With old-school catering still sidelined and facing an uncertain future due to the pandemic, the workplace meal-delivery scene is heating up with New York-based Sharebite, which recently inked some high-profile corporate partnerships for its lunchtime delivery service that puts a big focus on charitable giving.

Sharebite was created after its co-founder Dilip Rao had a near-death experience after being hit by a car while walking down the street. Rao called the accident a personal inflection point that motivated him and co-founders, Mohsin Memon and Ahsen Saber, to accelerate plans to do good for the world after years in the financial-services realm.

After some exploration, the founders settled on the workplace meal-delivery category, which they saw as having the potential to help large employers facilitate feeding their employees—subsidized or not—while also providing an opportunity for those companies to integrate charitable giving into every lunch hour or group meal in a way that wouldn’t be overlooked by employees.

Sharebite donates 2 percent of each order placed on its platform to City Harvest, a New York-based nonprofit that has helped feed more than 1.5 million people. Since its founding in 2015, Sharebite has donated enough to provide nearly 650,000 meals to residents throughout its home turf.
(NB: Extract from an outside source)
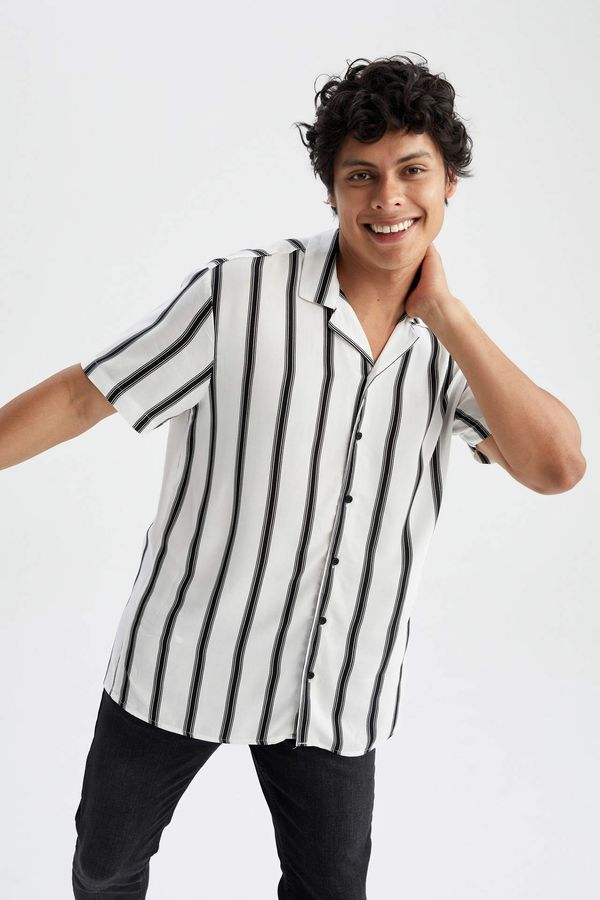 DEFACTO DEFACTO Regular Fit viscose Striped Short Sleeve Shirt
For office managers planning an event or employees ordering lunch, the Sharebite system is similar to Foodsby’s model where an email goes out every morning giving a choice of three to five restaurants that are “specifically curated based on your own staff’s needs and what your office manager told us,” Rao said. Individually bagged and labeled meals are then delivered as part of one bulk order by either the restaurants themselves or third-party providers that are integrated into the Sharebite platform.
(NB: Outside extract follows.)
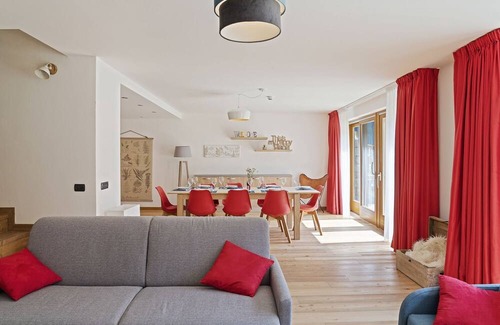 Gressoney-Saint-Jean Apartment | Residence in Gressoney-saint-jean with 3 bedrooms sleeps 10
“The cookie-cutter approach that companies had tended to take was, ‘Oh look we’re going to have a tough time recruiting people, so why don’t we donate some money to charity and send a bunch of emails,’” Rao said of the Sharebite’s mission-driven focus. “Our view is slightly different. These companies already pay for their employees to order food and they’re missing out on a critical branding opportunity at a moment when you have their undivided mindshare.”

Sharebite has grown its own headcount to approximately 50 employees as it looks to consolidate the workplace meal-delivery category and scale up its own resources in preparation for its next wave of growth—partially fueled by the many changes brought into the office and catering markets because of the pandemic.
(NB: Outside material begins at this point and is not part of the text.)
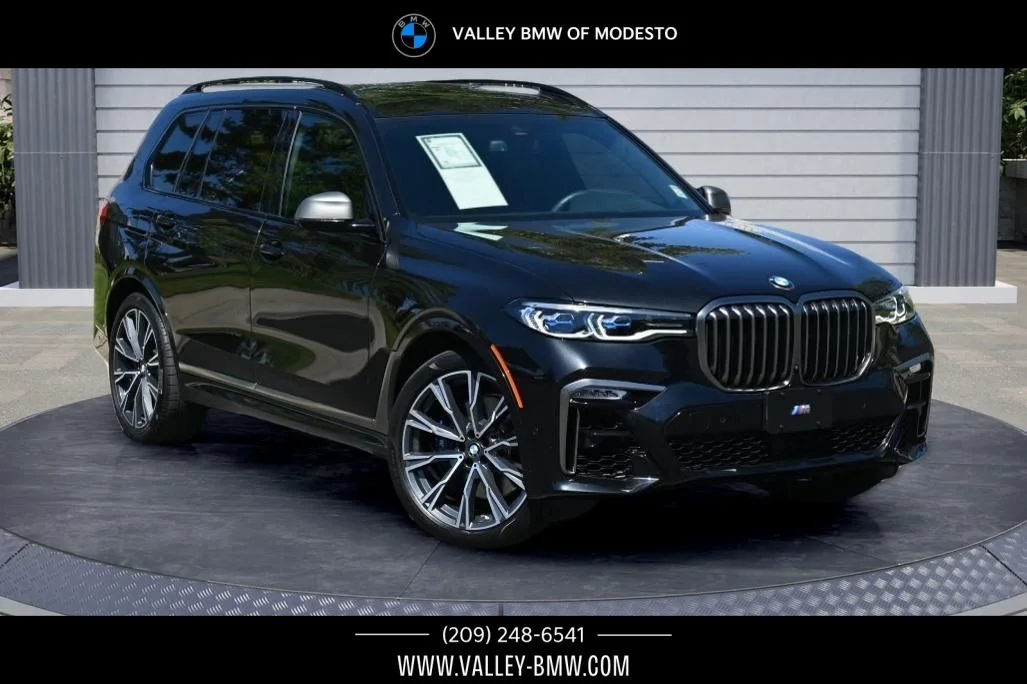 2020 BMW X7 M50i's photo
Calling the catering market “generally a broken one to begin with,” Rao said workplace eating habits are unlikely to go back to their pre-pandemic forms. Because of that, he said, the company’s inherently spaced-out model is well suited to whatever comes next as companies will likely continue to limit access for outsiders entering their office spaces.

Rao pointed to Seamless, which merged with Grubhub in 2013, as its only competitor in the workplace meal space and added that “prior to us, they were a monopoly.” He bristled when asked if ezCater or Foodsby were direct competitors.

“Our business is different, not just from those companies but companies in general, we’re less of a service-oriented business and more of a technology-oriented business” Rao noted. “The only thing we have in common is that people use our service to order food for their office.”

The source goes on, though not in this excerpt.